== Segment start ==

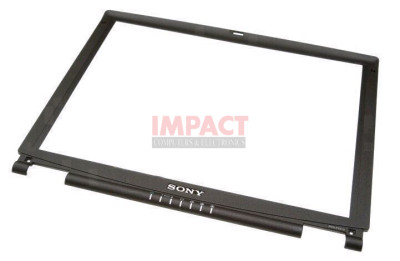 LCD Front Cover (Front Bezel)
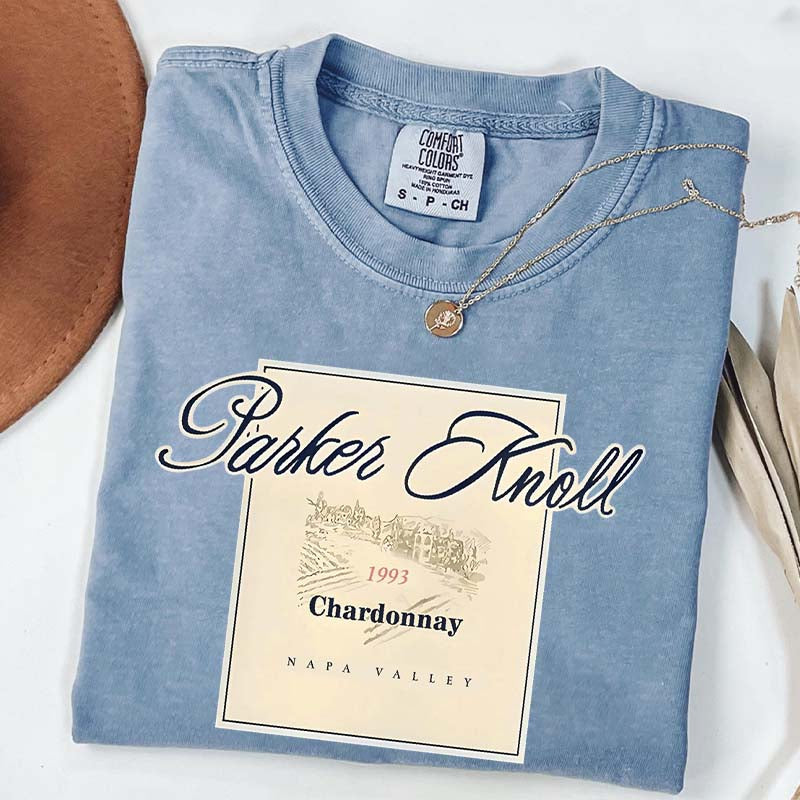 Parker Knoll Comfort Colors T-Shirt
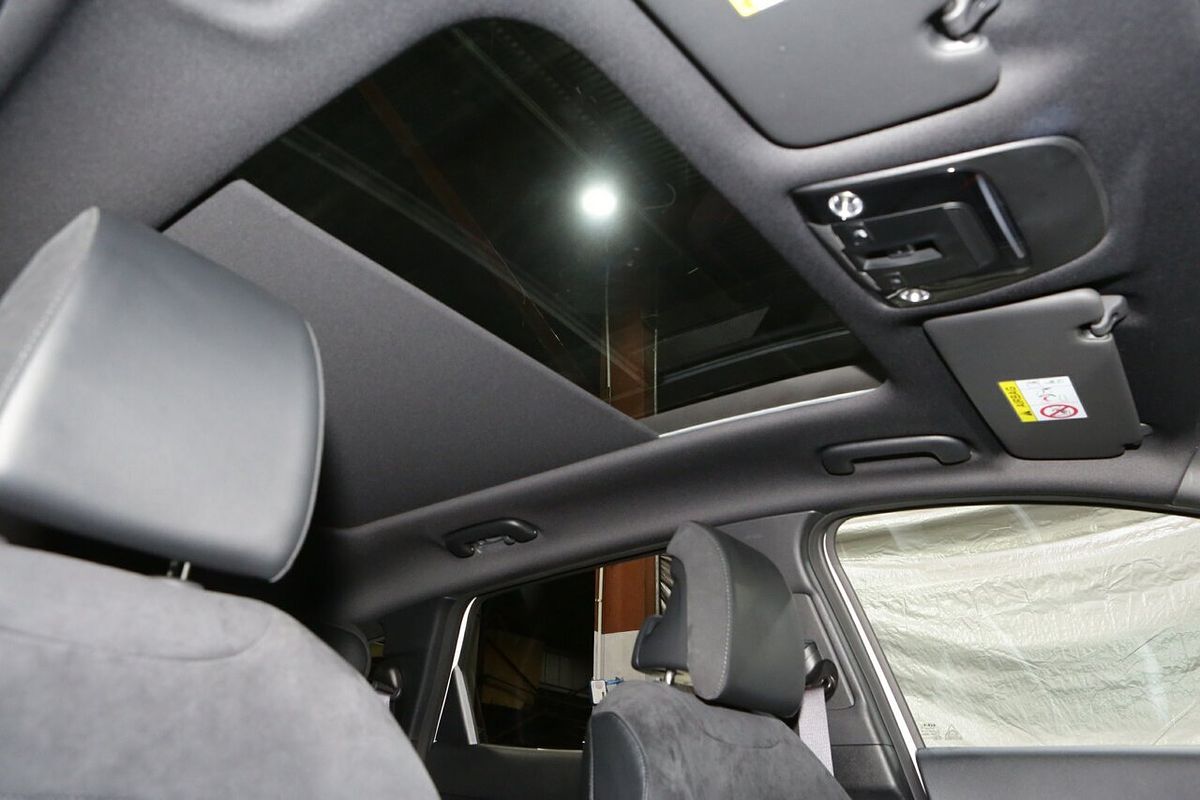 2022 Kia Sportage GT-Line NQ5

== Segment end ==

Skipping the images, write out the whole listing exactly.

#### Answer for the task:
 LCD Front Cover (Front Bezel)
 Parker Knoll Comfort Colors T-Shirt
 2022 Kia Sportage GT-Line NQ5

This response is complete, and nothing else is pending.